MAPLE-BROWN-BUTTER DESSERT WAFFLES



Maple-Brown-Butter Dessert Waffles image

Waffles aren't just for breakfast! These decadent treats are ideal for a whimsical dessert -- add a scoop of your favorite ice cream for an extra bit of extravagance.

Provided by Martha Stewart

Categories     Food & Cooking     Healthy Recipes     Vegetarian Recipes

Time 55m

Number Of Ingredients 11

1 3/4 cups all-purpose flour, spooned and leveled
1/4 cup granulated sugar
1 1/2 teaspoons baking powder
1/2 teaspoon fine salt
3/4 cup (1 1/2 sticks) unsalted butter
2 large eggs, lightly beaten
1 3/4 cups buttermilk, room temperature
1/3 cup pure maple syrup
1 cup confectioners' sugar
Nonstick cooking spray
1/2 cup pecans, toasted and coarsely chopped

Steps:

  • In a large bowl, whisk together flour, granulated sugar, baking powder, and salt. In a microwave-safe bowl, microwave 6 tablespoons butter until melted, about 30 seconds. Add eggs and buttermilk; whisk to combine. Add buttermilk mixture to flour mixture and whisk until batter is almost smooth; set aside.
  • In a small bowl, whisk together maple syrup and confectioners' sugar until smooth.
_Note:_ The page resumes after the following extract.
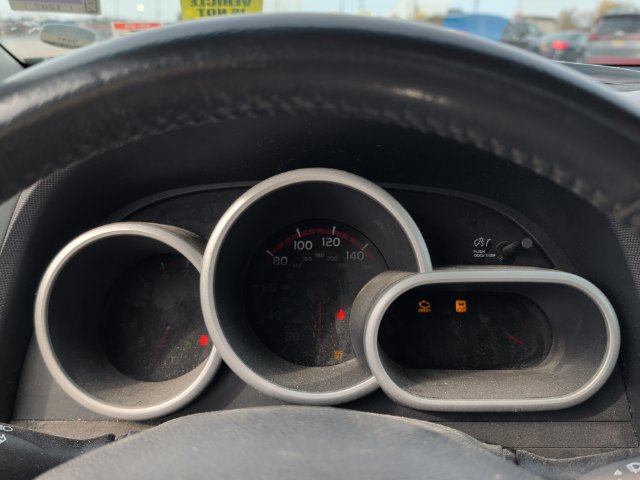 Used 2009 Pontiac Vibe GT FWD image 15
In a small saucepan, heat 6 tablespoons butter over medium, swirling pan occasionally, until golden brown and most of the foam has subsided, 8 to 10 minutes. Immediately pour into maple mixture and whisk until mixture forms a ribbon when you lift the whisk. Cover with plastic wrap and set aside.
  • Heat a waffle iron according to manufacturer's instructions. Lightly coat with cooking spray. Pour 1 1/3 cups batter onto iron and close; cook until waffle is golden and crisp, about 8 minutes. Transfer to a wire rack set in a rimmed baking sheet. Repeat with remaining batter.
  • Pour maple glaze onto a dinner plate. Dip one side of each waffle into glaze. To serve, cut each waffle in half and sprinkle with pecans.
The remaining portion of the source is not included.